Plentiful archival footage, including King speaking in front of the Lincoln Memorial at the 1963 March on Washington, during the 1956 Montgomery Bus Protest, and when he won the Nobel Peace Prize in 1964, paints King in a positive light. But, says historian Beverly Gage, in voiceover, the FBI was alarmed about him because of his success, about the way won over crowds of people. An FBI memo that went out two days after the Lincoln Memorial speech said, in part, “We must mark (King) now as the most dangerous Negro in the future of the nation.”
Hoover and his FBI could not let this much-admired Black man rile up the Black masses in what Hoover and his ilk considered to be white America. To make things worse, in the late-1950s and early-1960s, King had become friendly with Stanley Levison, a white Jewish lawyer who was involved in civil rights and had ties to the Communist Party. All Hoover saw there was a powerful Black man and Red flags.
Director Sam Pollard fills his documentary with clips from various FBI movies (“The FBI Story,” “Walk a Crooked Mile,” “I Was a Communist for the FBI”), but those are entertaining pieces of window dressing. There’s no fooling around when he tells of Hoover getting permission, from then-Attorney General Robert F. Kennedy, to start wiretapping Levison and later on King, as well as a mutual friend of theirs, the attorney Clarence Jones. It was during King’s stay at Jones’ home that the wiretaps picked up information regarding King’s previously unknown “non-monogamous” private life. The fuse was lit. The FBI was going to find out more about any additional girlfriends, then nail him. Wiretaps led to planted microphones in hotel rooms and more.

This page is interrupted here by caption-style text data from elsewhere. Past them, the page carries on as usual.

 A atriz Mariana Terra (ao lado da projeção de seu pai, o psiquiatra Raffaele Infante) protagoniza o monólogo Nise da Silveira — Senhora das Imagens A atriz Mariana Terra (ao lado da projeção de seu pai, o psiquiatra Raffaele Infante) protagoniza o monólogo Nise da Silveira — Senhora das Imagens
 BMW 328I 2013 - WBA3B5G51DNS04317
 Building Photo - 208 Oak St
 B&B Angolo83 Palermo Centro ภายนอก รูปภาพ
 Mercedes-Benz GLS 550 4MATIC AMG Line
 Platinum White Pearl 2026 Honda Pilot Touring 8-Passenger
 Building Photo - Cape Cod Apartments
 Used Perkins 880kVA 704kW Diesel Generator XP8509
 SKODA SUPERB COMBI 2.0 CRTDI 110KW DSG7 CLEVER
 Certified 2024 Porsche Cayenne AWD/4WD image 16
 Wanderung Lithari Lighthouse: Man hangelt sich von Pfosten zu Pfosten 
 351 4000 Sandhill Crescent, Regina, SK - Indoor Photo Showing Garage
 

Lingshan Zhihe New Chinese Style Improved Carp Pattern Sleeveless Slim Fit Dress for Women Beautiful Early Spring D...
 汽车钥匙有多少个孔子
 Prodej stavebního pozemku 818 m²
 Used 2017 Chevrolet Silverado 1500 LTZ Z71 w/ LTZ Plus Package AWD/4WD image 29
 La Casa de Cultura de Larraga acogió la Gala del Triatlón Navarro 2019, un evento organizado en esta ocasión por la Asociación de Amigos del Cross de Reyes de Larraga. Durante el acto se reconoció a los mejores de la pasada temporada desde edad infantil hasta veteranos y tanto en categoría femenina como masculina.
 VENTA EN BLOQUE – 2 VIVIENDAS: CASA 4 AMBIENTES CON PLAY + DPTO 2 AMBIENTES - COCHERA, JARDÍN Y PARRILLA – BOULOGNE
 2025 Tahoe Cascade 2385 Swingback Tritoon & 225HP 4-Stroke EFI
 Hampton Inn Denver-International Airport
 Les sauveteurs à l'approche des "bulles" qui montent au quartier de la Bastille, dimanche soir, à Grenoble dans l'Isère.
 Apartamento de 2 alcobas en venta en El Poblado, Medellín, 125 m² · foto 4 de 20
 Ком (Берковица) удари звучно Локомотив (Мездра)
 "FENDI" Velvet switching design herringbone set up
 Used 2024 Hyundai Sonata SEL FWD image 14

But King and his plans for his people remained on an upward trajectory. His winning the Nobel Peace Prize undoubtedly rattled Hoover, as did King’s at one time close relationships with Presidents John F. Kennedy and Lyndon Johnson. But JFK was killed and King started speaking out against what had become LBJ’s war in Vietnam. And while all of that was happening, Hoover’s plan to get him and stop his “social revolution” turned into an obsession.
Much to the consternation of Hoover and his longtime right hand man William Sullivan, no one was paying attention to the secret tapes that were supposed to ruin King. The reason nothing ever came of the surveillance tapes is twofold: King was murdered in 1968 and the government ordered the tapes to be sealed away.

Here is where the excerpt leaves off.